# What you have to do
Could you restate word for word only the lines below from the one holding "Photo 6 VIN: JN8AS5MV3DW136275" to the one holding "Kabellose Kopfhörer, Vention, NBKP0, Earbuds", inclusive, and leave out the pictures?

# Dataset content
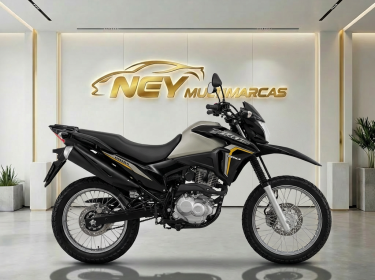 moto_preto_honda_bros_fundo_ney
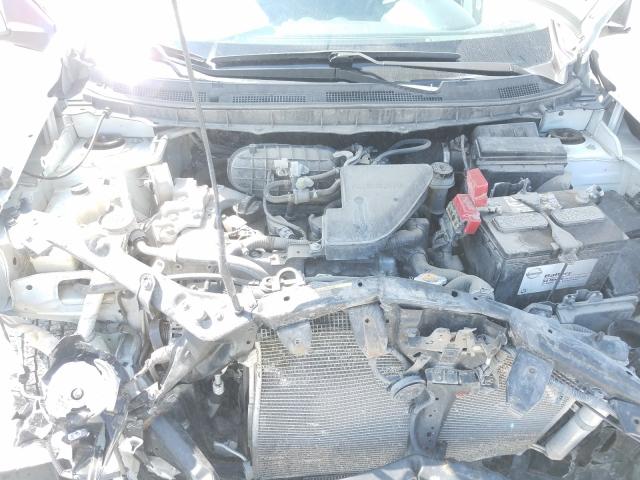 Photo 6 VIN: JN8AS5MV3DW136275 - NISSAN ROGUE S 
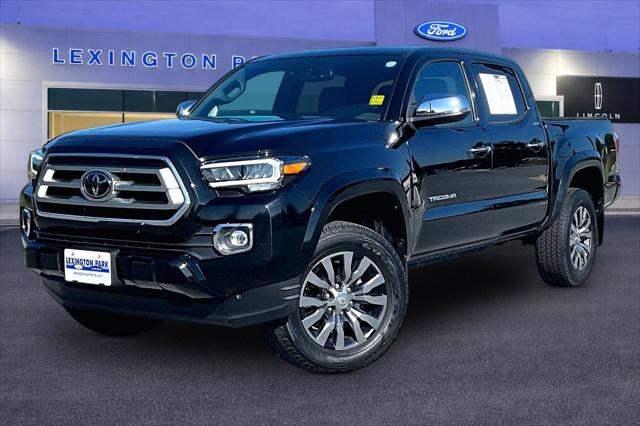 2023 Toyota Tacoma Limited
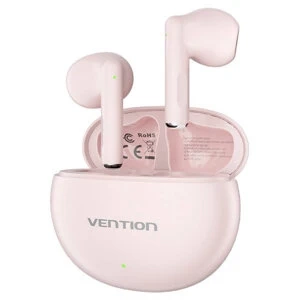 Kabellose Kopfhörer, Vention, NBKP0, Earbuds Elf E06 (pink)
...
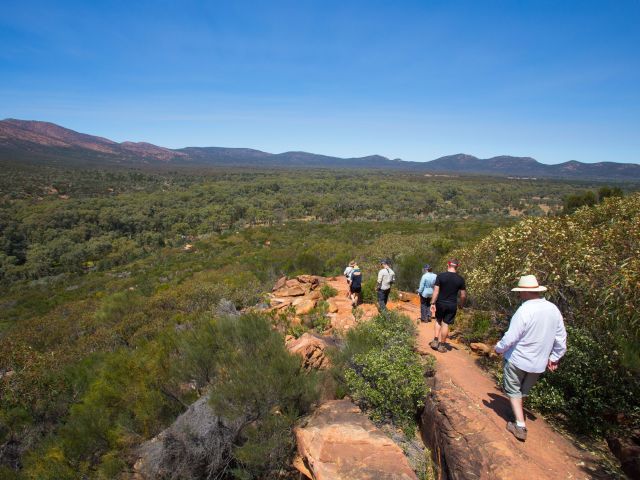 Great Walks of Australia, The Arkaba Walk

# Answer to the problem
 Photo 6 VIN: JN8AS5MV3DW136275 - NISSAN ROGUE S 
 2023 Toyota Tacoma Limited
 Kabellose Kopfhörer, Vention, NBKP0, Earbuds Elf E06 (pink)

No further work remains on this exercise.